Mais sous quelle apparence l'Esprit de saint Vincent de Paul pouvait-il être dans cette assemblée ? Si M. le curé ne le dit pas, saint Paul le dit : c'est avec le corps spirituel ou fluidique, le corps incorruptible que revêt l'âme après la mort, et auquel le spiritisme donne le nom de périsprit.

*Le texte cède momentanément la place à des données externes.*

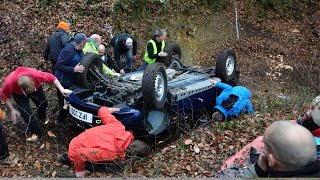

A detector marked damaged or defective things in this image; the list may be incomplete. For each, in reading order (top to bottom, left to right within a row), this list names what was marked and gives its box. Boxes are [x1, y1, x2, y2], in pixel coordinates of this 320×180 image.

overturned car [64, 43, 238, 136]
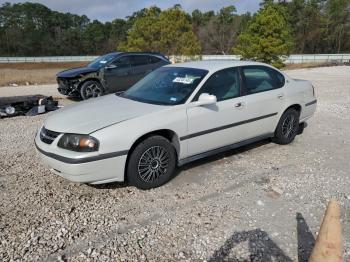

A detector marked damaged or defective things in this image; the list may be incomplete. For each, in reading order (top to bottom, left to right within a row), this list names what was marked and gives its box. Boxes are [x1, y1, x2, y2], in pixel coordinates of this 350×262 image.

damaged vehicle [57, 51, 171, 100]
damaged vehicle [36, 60, 318, 189]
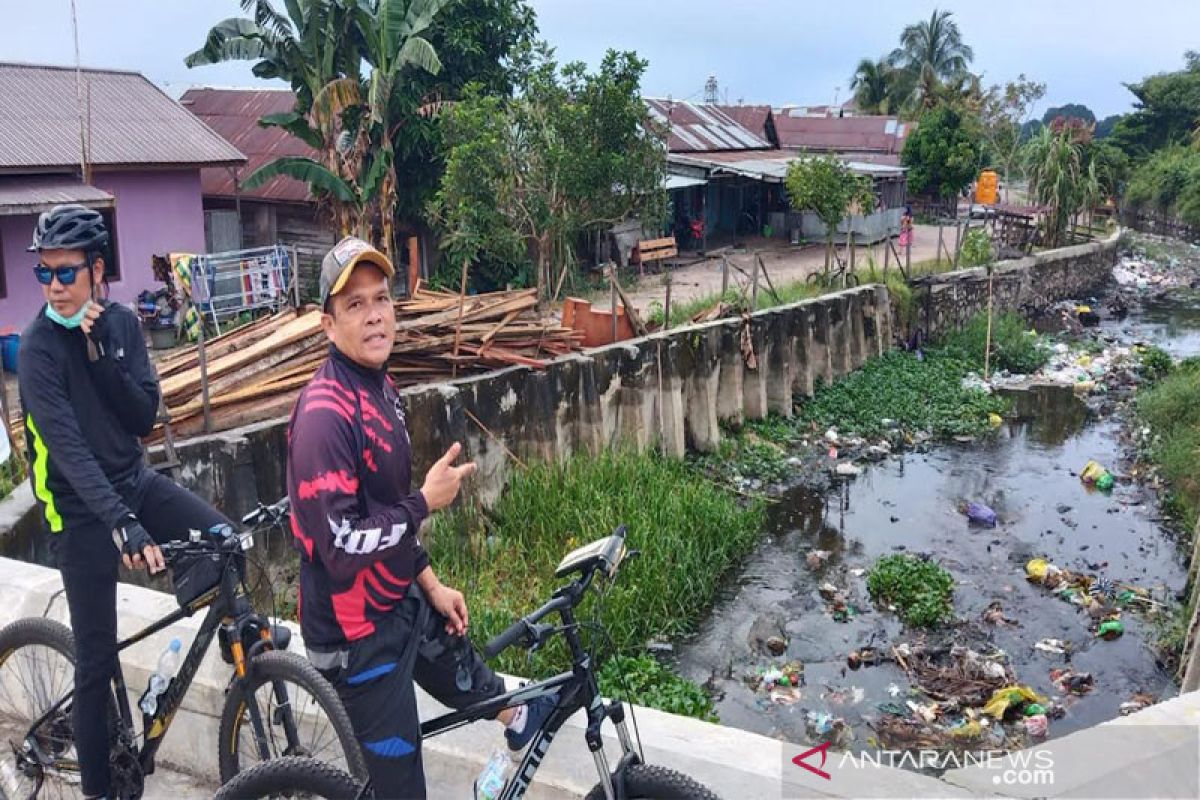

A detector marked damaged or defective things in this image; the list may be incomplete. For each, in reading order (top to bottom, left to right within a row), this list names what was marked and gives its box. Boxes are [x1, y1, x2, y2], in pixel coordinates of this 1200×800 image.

house with rusty metal roof [0, 58, 246, 328]
house with rusty metal roof [180, 86, 336, 299]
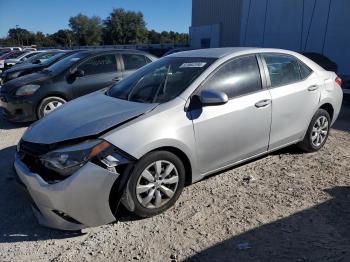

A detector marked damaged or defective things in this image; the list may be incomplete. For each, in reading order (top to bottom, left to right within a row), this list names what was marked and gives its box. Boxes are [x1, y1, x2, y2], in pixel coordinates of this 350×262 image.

cracked headlight [40, 139, 112, 176]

Le périsprit, l'un des éléments constitutifs de l'organisme humain, constaté par le spiritisme, avait été soupçonné depuis longtemps. Il est impossible d'être plus explicite à cet égard que M. Charpignon dans son ouvrage sur le magnétisme, publié en 1842[1]. On lit, en effet, chap. II, page 355 :

« Les considérations psychologiques auxquelles nous venons de nous livrer ont eu pour résultat de nous fixer sur la nécessité d'admettre, dans la composition de l'individualité humaine, une véritable trinité, et de trouver dans ce composé trinaire un élément d'une nature essentiellement différente des deux autres parties, élément saisissable, plutôt par ses facultés phénoménales, que par ses propriétés constitutives ; car la nature d'un être spirituel échappe à nos moyens d'investigations. L'homme est donc un être mixte, un organisme à composition double, savoir : combinaison d'atomes formant les organes, et un élément de nature matérielle, mais indécomposable, dynamique par essence, en un mot, un fluide impondérable. Voilà pour la partie matérielle. Maintenant, comme élément caractéristique de l'espèce hominale : cet être simple, intelligent, libre et volontaire, que les psychologues appellent âme… »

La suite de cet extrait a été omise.